Background: Escherichia coli (E. coli) is an indicator of potential human fecal contamination. Polymerase Chain Reaction (PCR) as an ideal detection method for detecting E. coli has some advantages like rapidity, high sensitivity and accuracy, easy performance, ability to run in high numbers and inexpensiveness. On the other hand, the disadvantage of PCR is possibility of its false positive results. In this study, reverse transcriptase polymerase chain reaction (RT-PCR) method was used to overcome the problem, and the results were compared to most probable number (MPN).

Materials and Methods: 16srRNA forward (SF) and 16srRNA reverse (SR) primers were designed using E. coli 16srRNA sequence. After preparing different diluted samples of E. coli in distilled water, the bacteria were separated by FHLP and HAWP filters and its 16srRNA was propagated using mentioned primers. To confirm the sensitivity of the RT- PCR method compared to MPN one, samples obtained from 15 water sources in Arak city were examined.

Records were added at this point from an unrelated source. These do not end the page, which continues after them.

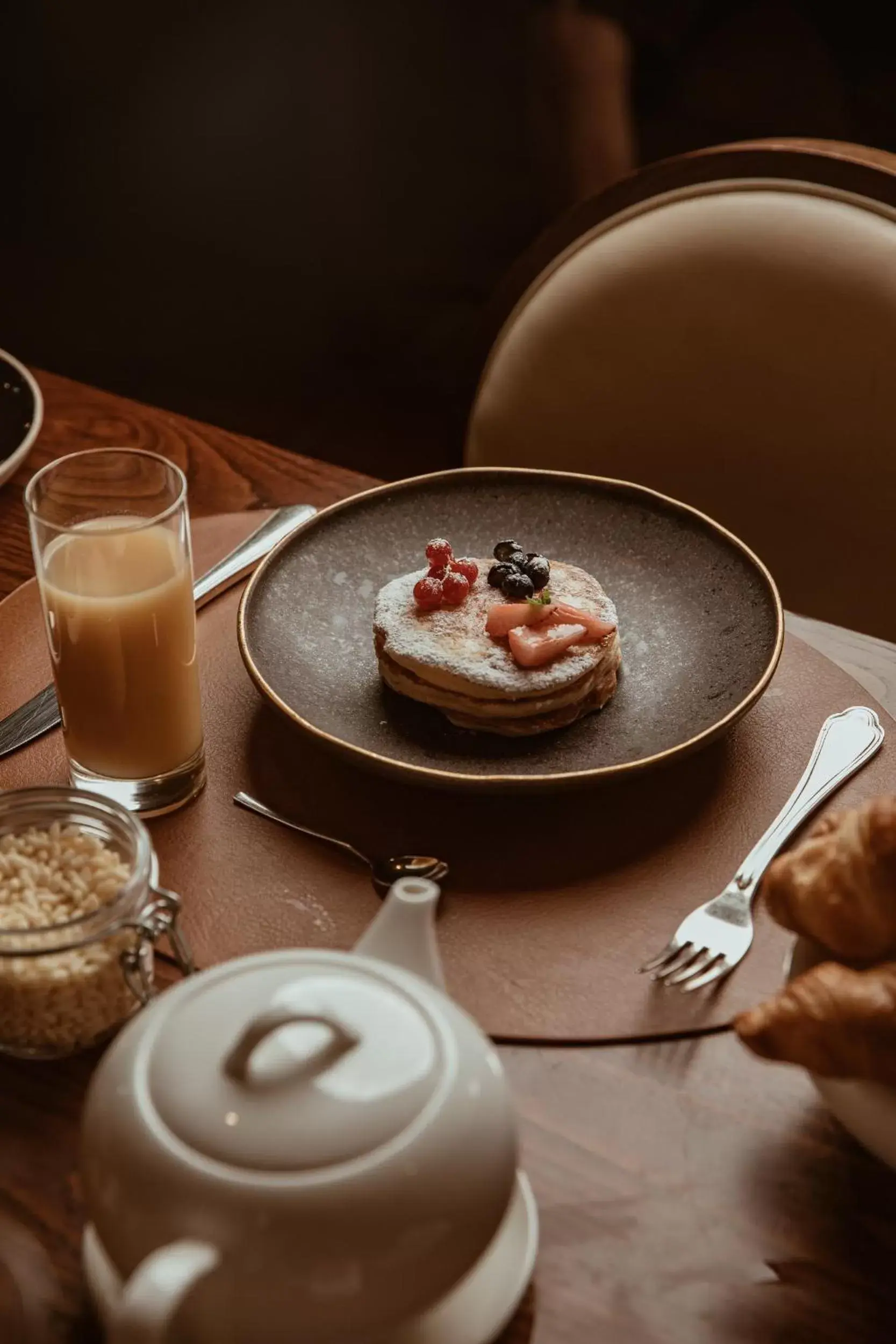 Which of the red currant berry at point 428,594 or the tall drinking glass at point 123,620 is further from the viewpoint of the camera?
the red currant berry at point 428,594

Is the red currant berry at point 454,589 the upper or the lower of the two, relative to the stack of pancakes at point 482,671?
upper

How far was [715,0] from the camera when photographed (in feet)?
7.94

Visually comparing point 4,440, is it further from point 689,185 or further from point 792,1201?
point 792,1201

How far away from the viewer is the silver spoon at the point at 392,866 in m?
0.92

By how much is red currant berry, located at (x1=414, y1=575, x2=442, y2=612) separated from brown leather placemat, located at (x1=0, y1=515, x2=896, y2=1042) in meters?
0.16

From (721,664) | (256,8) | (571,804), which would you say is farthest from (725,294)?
(256,8)

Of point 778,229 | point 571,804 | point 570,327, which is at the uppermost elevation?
point 778,229

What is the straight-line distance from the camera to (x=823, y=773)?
102 centimetres

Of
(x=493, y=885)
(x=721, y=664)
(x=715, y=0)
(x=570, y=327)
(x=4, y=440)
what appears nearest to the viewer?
(x=493, y=885)

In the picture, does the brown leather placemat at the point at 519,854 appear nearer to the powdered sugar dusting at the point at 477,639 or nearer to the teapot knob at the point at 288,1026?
the powdered sugar dusting at the point at 477,639

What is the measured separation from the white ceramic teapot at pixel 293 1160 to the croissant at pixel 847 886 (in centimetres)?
21

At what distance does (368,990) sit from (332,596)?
0.67 meters

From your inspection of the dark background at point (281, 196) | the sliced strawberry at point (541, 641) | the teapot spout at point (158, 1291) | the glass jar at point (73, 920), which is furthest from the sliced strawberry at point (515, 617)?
the dark background at point (281, 196)

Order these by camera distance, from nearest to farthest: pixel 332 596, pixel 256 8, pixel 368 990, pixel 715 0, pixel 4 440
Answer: pixel 368 990 → pixel 332 596 → pixel 4 440 → pixel 715 0 → pixel 256 8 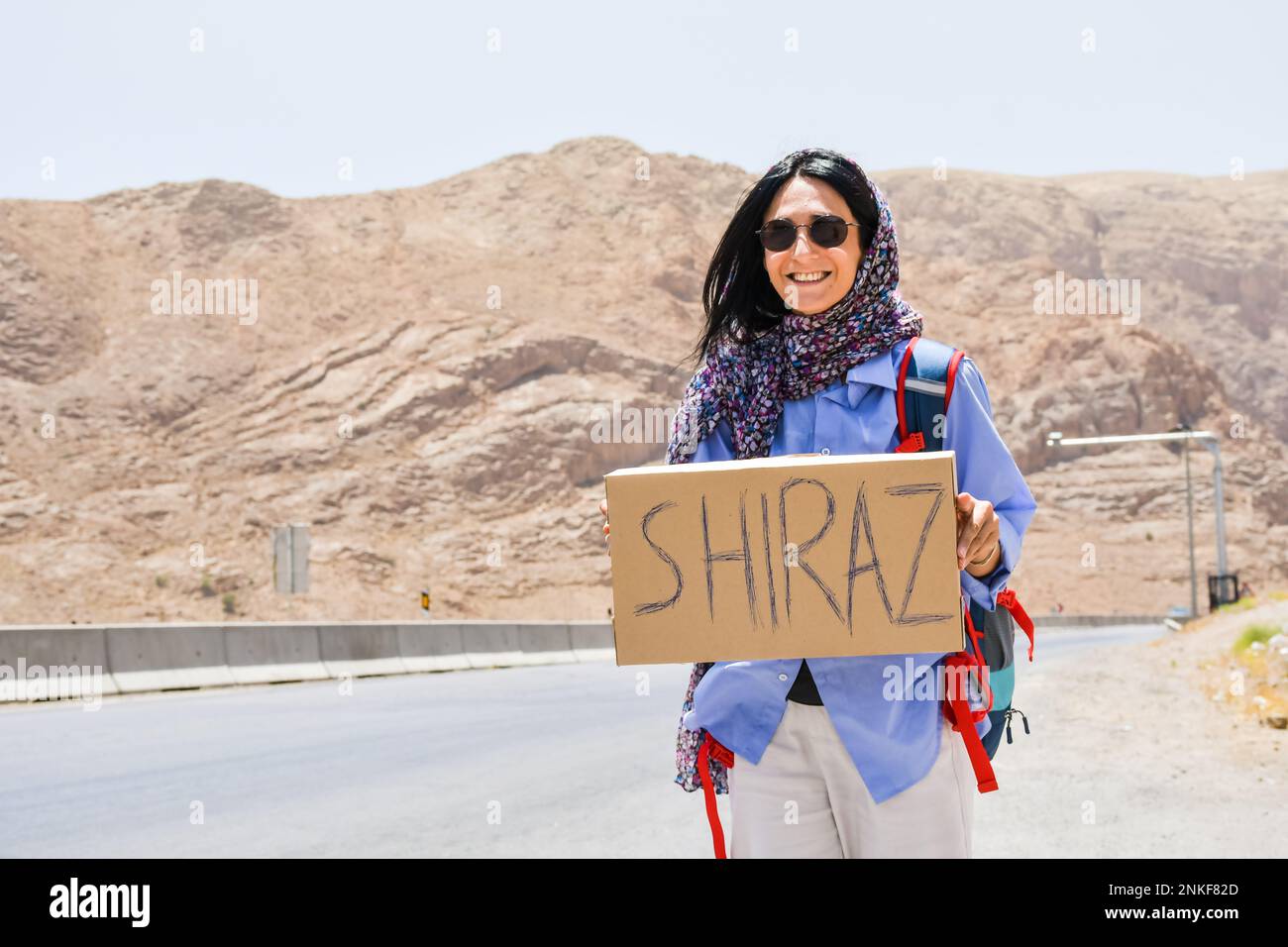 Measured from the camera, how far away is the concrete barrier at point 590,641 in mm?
29297

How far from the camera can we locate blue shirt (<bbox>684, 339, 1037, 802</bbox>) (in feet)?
9.80

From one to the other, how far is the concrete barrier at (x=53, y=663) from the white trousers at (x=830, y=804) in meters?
14.3

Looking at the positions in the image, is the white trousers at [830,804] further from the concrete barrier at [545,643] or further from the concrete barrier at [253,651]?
the concrete barrier at [545,643]

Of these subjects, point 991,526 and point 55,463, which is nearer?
point 991,526

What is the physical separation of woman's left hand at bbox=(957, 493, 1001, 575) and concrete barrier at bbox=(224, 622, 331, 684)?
17.3 meters

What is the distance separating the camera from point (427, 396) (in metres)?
69.0

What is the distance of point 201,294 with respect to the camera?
84.9 m

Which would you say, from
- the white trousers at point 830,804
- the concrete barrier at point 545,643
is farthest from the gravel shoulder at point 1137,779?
the concrete barrier at point 545,643

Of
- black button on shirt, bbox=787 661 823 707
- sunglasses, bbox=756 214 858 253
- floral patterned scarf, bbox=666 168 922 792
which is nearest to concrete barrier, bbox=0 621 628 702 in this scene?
floral patterned scarf, bbox=666 168 922 792

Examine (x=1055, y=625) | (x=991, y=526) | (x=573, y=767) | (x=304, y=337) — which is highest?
(x=304, y=337)

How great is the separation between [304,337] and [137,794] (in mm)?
68722

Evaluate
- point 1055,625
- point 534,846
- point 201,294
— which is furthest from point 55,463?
point 534,846

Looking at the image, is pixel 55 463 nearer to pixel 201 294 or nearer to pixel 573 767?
pixel 201 294

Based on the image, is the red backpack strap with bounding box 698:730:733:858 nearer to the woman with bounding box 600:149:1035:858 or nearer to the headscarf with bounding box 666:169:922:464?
the woman with bounding box 600:149:1035:858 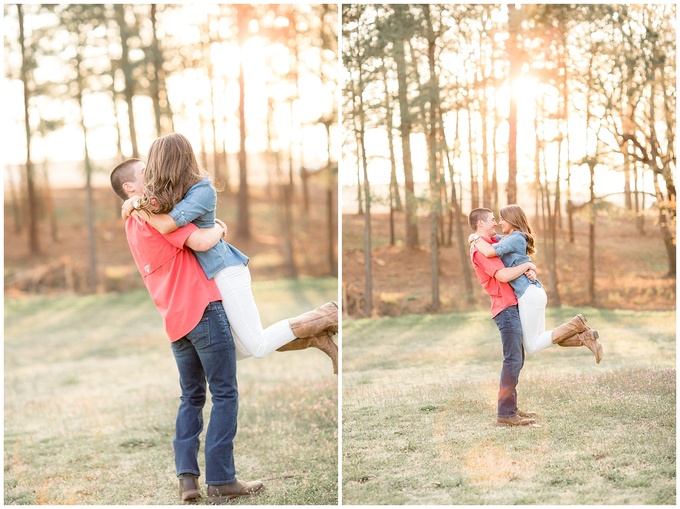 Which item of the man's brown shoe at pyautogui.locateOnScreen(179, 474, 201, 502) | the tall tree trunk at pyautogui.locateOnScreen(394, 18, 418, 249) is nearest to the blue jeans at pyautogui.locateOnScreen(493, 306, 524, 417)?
the tall tree trunk at pyautogui.locateOnScreen(394, 18, 418, 249)

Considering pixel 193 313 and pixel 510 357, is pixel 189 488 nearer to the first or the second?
pixel 193 313

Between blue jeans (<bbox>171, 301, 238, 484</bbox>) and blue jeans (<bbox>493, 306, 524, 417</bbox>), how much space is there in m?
1.25

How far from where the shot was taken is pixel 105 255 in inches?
526

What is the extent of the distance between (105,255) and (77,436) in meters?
9.09

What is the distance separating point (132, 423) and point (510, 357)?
8.53ft

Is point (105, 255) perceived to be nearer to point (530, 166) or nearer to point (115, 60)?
point (115, 60)

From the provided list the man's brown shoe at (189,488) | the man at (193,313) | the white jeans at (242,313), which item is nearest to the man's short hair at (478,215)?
the white jeans at (242,313)

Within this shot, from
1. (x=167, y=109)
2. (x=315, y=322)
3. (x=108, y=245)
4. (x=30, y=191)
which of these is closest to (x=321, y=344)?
(x=315, y=322)

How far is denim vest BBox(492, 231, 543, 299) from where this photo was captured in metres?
3.45

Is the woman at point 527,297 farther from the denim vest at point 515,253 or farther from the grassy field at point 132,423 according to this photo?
the grassy field at point 132,423

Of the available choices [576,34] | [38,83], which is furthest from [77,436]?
[38,83]

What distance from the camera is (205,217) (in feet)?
9.84

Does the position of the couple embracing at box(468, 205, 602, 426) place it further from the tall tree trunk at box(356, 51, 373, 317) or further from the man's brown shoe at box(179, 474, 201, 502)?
the man's brown shoe at box(179, 474, 201, 502)

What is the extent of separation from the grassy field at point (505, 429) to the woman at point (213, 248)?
1.99 feet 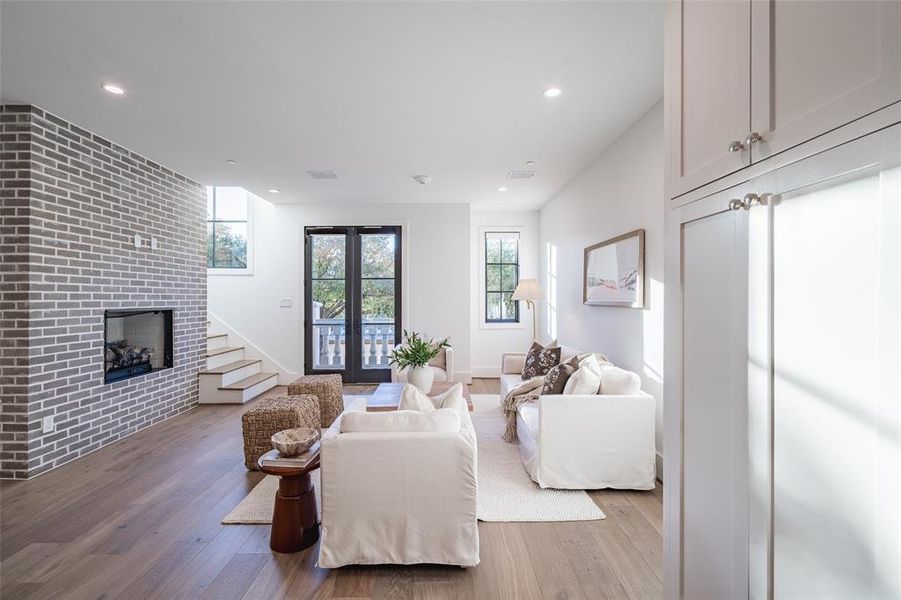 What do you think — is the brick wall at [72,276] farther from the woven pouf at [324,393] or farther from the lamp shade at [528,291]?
the lamp shade at [528,291]

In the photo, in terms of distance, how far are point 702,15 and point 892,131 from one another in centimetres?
78

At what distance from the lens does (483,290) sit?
7055 mm

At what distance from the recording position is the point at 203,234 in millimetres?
5348

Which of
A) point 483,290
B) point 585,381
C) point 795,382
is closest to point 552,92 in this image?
point 585,381

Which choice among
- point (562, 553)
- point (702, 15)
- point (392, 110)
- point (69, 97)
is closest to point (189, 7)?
point (392, 110)

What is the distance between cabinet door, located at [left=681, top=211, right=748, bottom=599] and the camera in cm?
108

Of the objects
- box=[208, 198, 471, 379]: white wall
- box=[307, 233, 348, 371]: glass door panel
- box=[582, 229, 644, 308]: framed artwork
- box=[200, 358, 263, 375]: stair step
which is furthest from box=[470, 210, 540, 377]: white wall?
box=[200, 358, 263, 375]: stair step

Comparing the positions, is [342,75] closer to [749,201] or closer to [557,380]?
[749,201]

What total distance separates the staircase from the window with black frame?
3652mm

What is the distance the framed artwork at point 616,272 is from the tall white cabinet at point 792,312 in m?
2.01

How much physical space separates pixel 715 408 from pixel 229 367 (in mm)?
5815

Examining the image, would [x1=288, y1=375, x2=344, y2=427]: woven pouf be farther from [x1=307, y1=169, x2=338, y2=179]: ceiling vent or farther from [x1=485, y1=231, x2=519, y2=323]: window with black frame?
[x1=485, y1=231, x2=519, y2=323]: window with black frame

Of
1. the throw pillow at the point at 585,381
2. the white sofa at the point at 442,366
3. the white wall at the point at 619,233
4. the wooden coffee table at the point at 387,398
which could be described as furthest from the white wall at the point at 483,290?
the throw pillow at the point at 585,381

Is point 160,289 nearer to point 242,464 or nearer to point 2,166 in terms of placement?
point 2,166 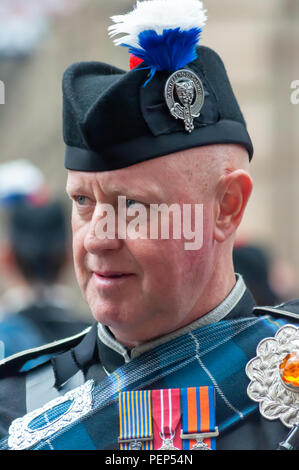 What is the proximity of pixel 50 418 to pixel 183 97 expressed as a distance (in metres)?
0.98

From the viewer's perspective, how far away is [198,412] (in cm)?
247

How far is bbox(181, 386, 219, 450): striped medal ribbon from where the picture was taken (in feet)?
8.04

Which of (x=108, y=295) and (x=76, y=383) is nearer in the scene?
(x=108, y=295)

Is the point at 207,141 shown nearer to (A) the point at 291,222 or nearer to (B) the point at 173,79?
(B) the point at 173,79

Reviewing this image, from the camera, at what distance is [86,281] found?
8.43 feet

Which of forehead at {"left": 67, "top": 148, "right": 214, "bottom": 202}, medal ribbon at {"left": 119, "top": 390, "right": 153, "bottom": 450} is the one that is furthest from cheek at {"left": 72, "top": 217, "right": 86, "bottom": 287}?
medal ribbon at {"left": 119, "top": 390, "right": 153, "bottom": 450}

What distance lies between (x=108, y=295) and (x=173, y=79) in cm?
62

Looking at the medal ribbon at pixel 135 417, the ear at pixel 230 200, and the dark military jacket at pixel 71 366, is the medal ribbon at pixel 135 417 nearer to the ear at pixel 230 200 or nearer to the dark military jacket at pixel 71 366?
the dark military jacket at pixel 71 366

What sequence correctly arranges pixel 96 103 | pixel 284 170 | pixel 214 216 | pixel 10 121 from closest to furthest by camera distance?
pixel 96 103, pixel 214 216, pixel 284 170, pixel 10 121

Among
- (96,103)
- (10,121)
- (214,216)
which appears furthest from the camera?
(10,121)

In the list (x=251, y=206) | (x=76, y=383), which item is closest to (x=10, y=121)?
(x=251, y=206)

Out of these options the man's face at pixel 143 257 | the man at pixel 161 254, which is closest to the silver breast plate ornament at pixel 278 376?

Results: The number of bacteria in dilutions were confirmed with culture. RT-PCR data showed that FHLP compared to HAWP filters have a higher capability in separating of bacteria in different dilutions. Also there was a higher sensitivity of RT-PCR compared to RT- PCR and MPN.

Conclusion: RT-PCR can detect the bacteria in lower dilutions of bacterial suspension. Hydrophobic filters (e.g. FHLP) compared to hydrophilic filters (e.g. HAWP) have higher capability in separating bacteria. To detect all coliform bacteria RT-PCR amplifications achieved by cells concentrated with hydrophobic filters are recommended.